To do — The expected answer is the data below, printed verbatim without its pictures.

** Opening Information provided block **

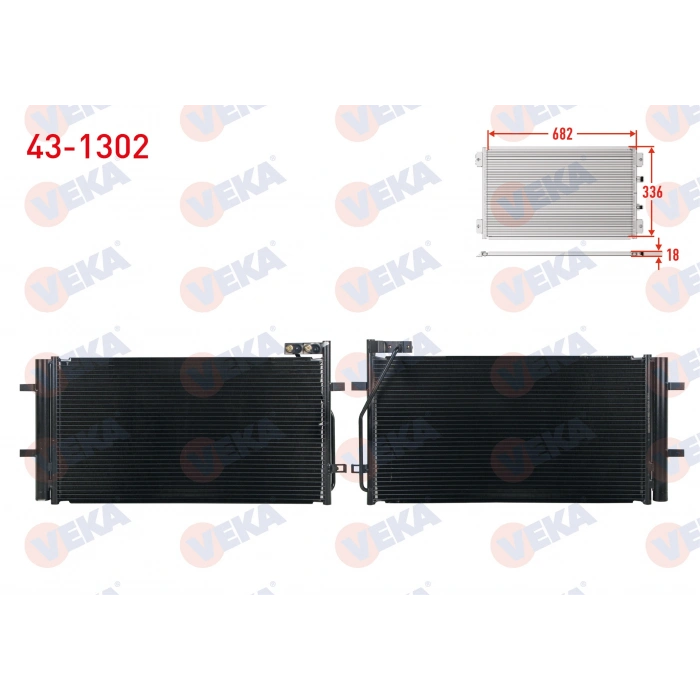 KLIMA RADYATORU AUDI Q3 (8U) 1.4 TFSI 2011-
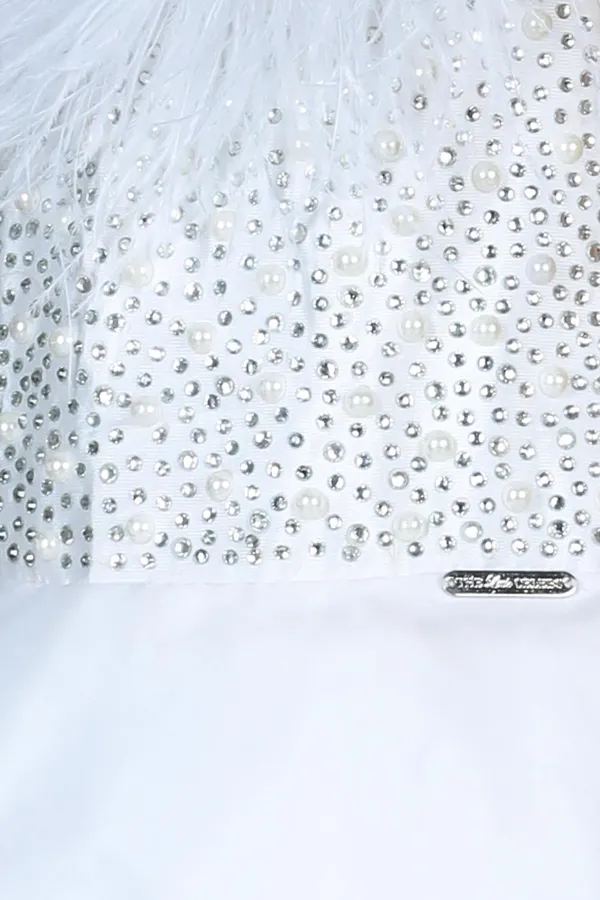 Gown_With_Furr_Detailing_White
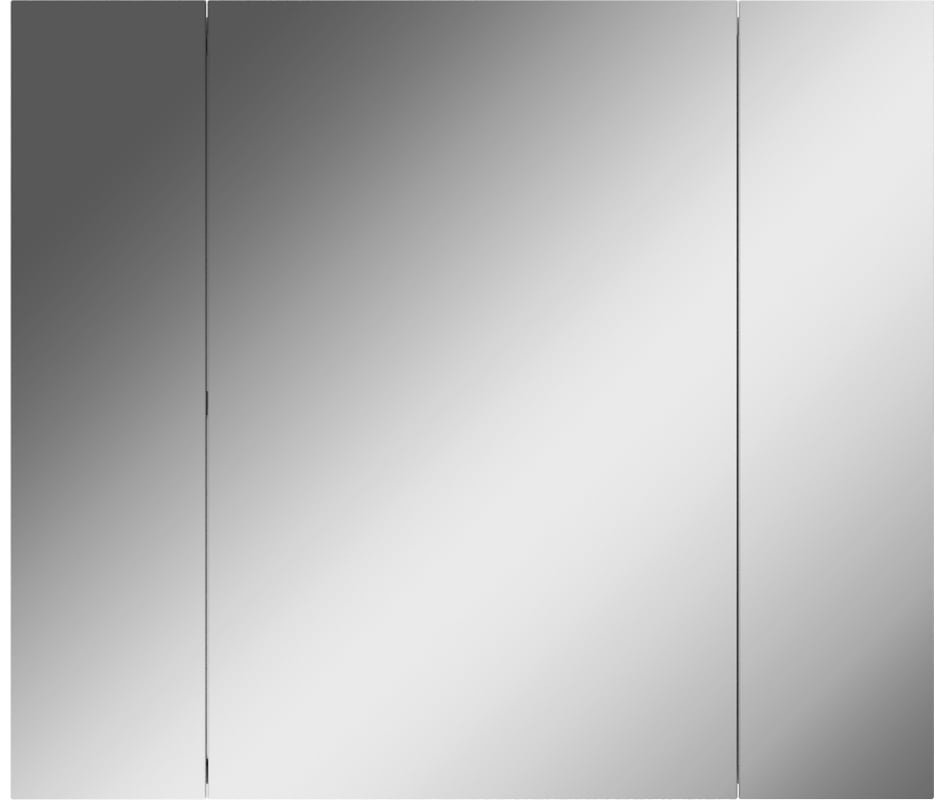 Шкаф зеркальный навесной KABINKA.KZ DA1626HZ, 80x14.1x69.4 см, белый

** Closing Information provided block **

Solved problem —
 KLIMA RADYATORU AUDI Q3 (8U) 1.4 TFSI 2011-
 Gown_With_Furr_Detailing_White
 Шкаф зеркальный навесной KABINKA.KZ DA1626HZ, 80x14.1x69.4 см, белый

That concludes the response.